Feeding grain to the animals has a bad effect on their health, sometimes leading to death. Even feeding 0.5kg of grain each day (the smallest amount tested) seems to increase illness, compared to animals fed no grain. Feeding lots of grain (1.5kg to 2.0kg) seems to have an even worse effect on the health of the animals. One possible explanation is that the grain is contaminated with some toxic compound or with some disease-causing organism. This would explain why feeding even a little bit of grain (0.5kg per day) has a bad effect. All five of the animals in this experiment who died had been fed 2.0kg of gain per day, but since illness increased even with smaller amounts of grain, it seems quite possible that smaller amounts increase the chance of death as well.

For those animals that live, grain increases the amount of weight they gain. For each extra kilogram of grain fed per day, the final weight of the animal is increased by about 22 kilograms. No differences were seen between males and females in this regard. Illness also seems to have no effect on weight gain, provided the animal lives.

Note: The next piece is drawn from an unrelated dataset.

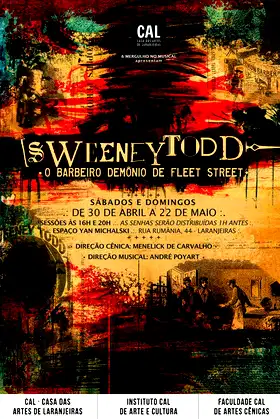 Sweeney Todd - O Barbeiro Demônio de Fleet Street poster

These conclusions apply only to animals of the sort used in this experiment, and which (as in this experiment) are approximately one year old at the beginning. The fact that feeding grain led to illness indicates that there may have been something wrong with the grain used in the experiment, which means that the results might have been quite different if grain that wasn't contaminated were used.

It is difficult to give advice to the farmers on the basis of this experiment. Provided their animals live, they will gain more weight if fed grain, but the loss from some of the animals dying when fed grain may outweigh this benefit. However, if the illness is due to contamination of the grain, it would not be a problem if uncontaminated grain can be obtained.